** EXERCISE PROMPT **
If a line in the entries below holds the string "Casual", copy it.
++++++++++
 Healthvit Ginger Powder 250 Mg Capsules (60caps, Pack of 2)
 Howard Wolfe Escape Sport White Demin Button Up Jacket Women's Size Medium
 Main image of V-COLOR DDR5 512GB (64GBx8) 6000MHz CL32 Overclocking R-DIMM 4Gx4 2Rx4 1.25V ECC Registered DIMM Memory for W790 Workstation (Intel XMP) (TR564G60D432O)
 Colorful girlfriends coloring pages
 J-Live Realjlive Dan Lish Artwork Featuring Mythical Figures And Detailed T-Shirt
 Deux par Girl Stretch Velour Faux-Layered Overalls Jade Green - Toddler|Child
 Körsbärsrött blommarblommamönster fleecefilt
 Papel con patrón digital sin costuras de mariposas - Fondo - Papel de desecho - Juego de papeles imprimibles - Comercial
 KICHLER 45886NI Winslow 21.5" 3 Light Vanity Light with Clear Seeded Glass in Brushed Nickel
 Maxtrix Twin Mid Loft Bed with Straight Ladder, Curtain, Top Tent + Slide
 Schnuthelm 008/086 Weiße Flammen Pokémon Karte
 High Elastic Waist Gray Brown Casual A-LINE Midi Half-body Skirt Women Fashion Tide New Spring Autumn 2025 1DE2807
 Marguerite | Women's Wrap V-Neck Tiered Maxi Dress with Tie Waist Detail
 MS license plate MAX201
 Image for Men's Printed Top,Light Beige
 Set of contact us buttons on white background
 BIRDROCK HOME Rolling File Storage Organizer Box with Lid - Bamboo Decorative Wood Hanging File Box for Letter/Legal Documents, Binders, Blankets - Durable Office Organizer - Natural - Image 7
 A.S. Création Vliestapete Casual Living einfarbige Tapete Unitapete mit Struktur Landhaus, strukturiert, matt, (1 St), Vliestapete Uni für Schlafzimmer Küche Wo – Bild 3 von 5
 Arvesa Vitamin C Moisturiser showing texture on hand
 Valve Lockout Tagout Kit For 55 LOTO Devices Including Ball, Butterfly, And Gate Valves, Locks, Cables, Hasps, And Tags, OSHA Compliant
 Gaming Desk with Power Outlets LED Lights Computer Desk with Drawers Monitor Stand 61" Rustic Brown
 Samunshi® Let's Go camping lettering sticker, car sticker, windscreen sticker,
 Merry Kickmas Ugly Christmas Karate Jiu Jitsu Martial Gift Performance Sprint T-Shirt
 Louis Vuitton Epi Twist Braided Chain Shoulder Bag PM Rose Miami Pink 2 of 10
++++++++++
** RESPONSE TO THE TASK **
 High Elastic Waist Gray Brown Casual A-LINE Midi Half-body Skirt Women Fashion Tide New Spring Autumn 2025 1DE2807
 A.S. Création Vliestapete Casual Living einfarbige Tapete Unitapete mit Struktur Landhaus, strukturiert, matt, (1 St), Vliestapete Uni für Schlafzimmer Küche Wo – Bild 3 von 5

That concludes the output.